In this episode, I’ll discuss what if it is not the sedative class that causes delirium – just the depth of sedation?
Both the 2013 and 2018 SCCM guidelines for sedation in the ICU recommend avoiding benzodiazepine infusions for sedation in the ICU. The reason for this is in part concern that benzodiazepines cause more delirium than non-benzodiazepine-based sedatives.
These guidelines also recommend using light sedation over deep sedation whenever possible for the same purpose – avoiding delirium.
These are conditional recommendations which the guideline authors state is based on low quality of evidence, but it was the most reasonable conclusion to draw from available evidence at the time the guidelines were written.
A group of researchers recently published in Critical Care Medicine a retrospective cohort study involving over 10,000 patients to compare propofol and benzodiazepine-based ICU sedation to determine the risk of each strategy on post-extubation delirium.
The authors sought to prove the hypothesis that benzodiazepine versus propofol-based sedation is associated with fewer delirium-free days within 14 days after extubation. They also look at deep sedation which was defined as the ratio of days with a mean Richmond Agitation-Sedation Scale of less than or equal to –3 during the course of mechanical ventilation.
The patient cohort studied ranged from admissions during 2008 all the way through 2018. On average just under one-third of the time on mechanical ventilation was spent under deep sedation.
The mean number of delirium-free days was just under 10. The analysis found that a higher proportion of days under deep sedation was associated with 3 fewer delirium-free days post-extubation. The interesting finding was that the use of benzodiazepines compared with propofol only increased the risk of post-extubation delirium in patients who received a high proportion of deep sedation. The cohort of benzodiazepine patients who received a low proportion of deep sedation did not have a higher risk of delirium compared with patients who received propofol.

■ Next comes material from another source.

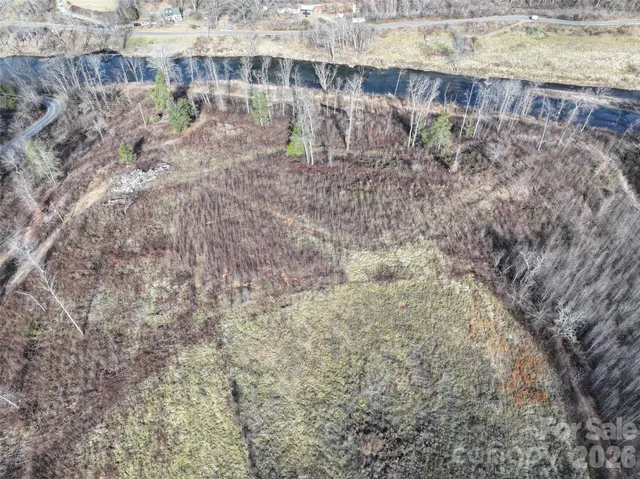 a view of a yard with large trees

Even when the dose of sedative was used to predict risk of delirium, the GABAergic drug-induced proportion of deep sedation for the endpoint post-extubation delirium was a better predictor of delirium.
The authors concluded:
Benzodiazepine compared with propofol-induced deep sedation during mechanical ventilation is associated with increased post-extubation delirium risk. Our data do not support the view that benzodiazepine-based compared with propofol-based sedation in the ICU adds an independent risk of delirium, as long as deep sedation can be avoided. It is probably easier to avoid deep sedation when infusions of the short-acting drug propofol are given rather than long-acting benzodiazepines. Clinicians should try to avoid using benzodiazepines if deep sedation is required for a prolonged period
and should avoid deep sedation whenever possible.
While this data will not lead to benzodiazepines becoming 1st line sedatives in ICU patients, it does provide useful information that when benzos are used, care should be taken to limit or eliminate the time spent in deep sedation.